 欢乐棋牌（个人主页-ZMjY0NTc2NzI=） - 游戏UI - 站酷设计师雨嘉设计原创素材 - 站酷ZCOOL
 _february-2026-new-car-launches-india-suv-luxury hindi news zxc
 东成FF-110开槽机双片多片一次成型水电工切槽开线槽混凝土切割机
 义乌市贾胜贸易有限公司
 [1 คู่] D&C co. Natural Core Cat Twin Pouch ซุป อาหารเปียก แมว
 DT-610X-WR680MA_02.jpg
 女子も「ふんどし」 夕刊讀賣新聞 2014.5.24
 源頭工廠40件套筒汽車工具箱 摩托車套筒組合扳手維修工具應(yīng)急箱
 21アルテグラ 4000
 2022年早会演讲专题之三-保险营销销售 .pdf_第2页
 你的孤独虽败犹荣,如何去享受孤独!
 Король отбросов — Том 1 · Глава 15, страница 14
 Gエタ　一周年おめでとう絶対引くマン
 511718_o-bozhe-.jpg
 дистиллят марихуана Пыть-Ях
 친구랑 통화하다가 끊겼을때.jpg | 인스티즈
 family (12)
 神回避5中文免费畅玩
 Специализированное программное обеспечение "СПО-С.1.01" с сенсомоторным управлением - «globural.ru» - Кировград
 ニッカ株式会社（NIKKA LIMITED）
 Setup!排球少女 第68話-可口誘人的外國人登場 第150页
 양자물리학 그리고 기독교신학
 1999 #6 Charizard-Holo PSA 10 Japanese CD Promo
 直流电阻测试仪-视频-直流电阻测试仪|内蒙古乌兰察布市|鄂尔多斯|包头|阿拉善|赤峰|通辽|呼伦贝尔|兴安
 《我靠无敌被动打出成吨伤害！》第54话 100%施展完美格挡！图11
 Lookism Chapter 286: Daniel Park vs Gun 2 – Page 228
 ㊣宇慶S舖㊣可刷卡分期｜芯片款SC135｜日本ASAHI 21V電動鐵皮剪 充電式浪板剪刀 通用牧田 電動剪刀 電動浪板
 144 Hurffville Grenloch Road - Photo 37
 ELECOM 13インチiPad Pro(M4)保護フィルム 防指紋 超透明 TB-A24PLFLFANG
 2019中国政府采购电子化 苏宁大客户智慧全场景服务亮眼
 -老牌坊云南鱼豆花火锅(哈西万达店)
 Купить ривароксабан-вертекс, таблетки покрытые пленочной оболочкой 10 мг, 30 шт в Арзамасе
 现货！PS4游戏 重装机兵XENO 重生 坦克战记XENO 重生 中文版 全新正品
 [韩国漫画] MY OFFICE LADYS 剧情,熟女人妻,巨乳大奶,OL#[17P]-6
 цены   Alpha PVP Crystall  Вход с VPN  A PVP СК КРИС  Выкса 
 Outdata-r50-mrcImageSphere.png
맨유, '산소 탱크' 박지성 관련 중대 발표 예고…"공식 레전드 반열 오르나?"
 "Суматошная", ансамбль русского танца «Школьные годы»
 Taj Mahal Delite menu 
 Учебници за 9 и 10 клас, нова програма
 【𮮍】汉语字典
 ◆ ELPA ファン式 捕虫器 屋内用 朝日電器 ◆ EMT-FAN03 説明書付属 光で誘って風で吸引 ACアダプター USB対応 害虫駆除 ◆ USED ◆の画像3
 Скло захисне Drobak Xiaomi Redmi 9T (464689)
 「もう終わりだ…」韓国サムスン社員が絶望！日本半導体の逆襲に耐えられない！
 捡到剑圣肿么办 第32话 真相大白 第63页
- - -
EXERCISE>
Repeat only what runs from the line holding "Учебници за 9 и 10 клас, нова програма" to the end of the data, keeping every line exactly as written, first and last included.

ANSWER TO THIS PROBLEM>
 Учебници за 9 и 10 клас, нова програма
 【𮮍】汉语字典
 ◆ ELPA ファン式 捕虫器 屋内用 朝日電器 ◆ EMT-FAN03 説明書付属 光で誘って風で吸引 ACアダプター USB対応 害虫駆除 ◆ USED ◆の画像3
 Скло захисне Drobak Xiaomi Redmi 9T (464689)
 「もう終わりだ…」韓国サムスン社員が絶望！日本半導体の逆襲に耐えられない！
 捡到剑圣肿么办 第32话 真相大白 第63页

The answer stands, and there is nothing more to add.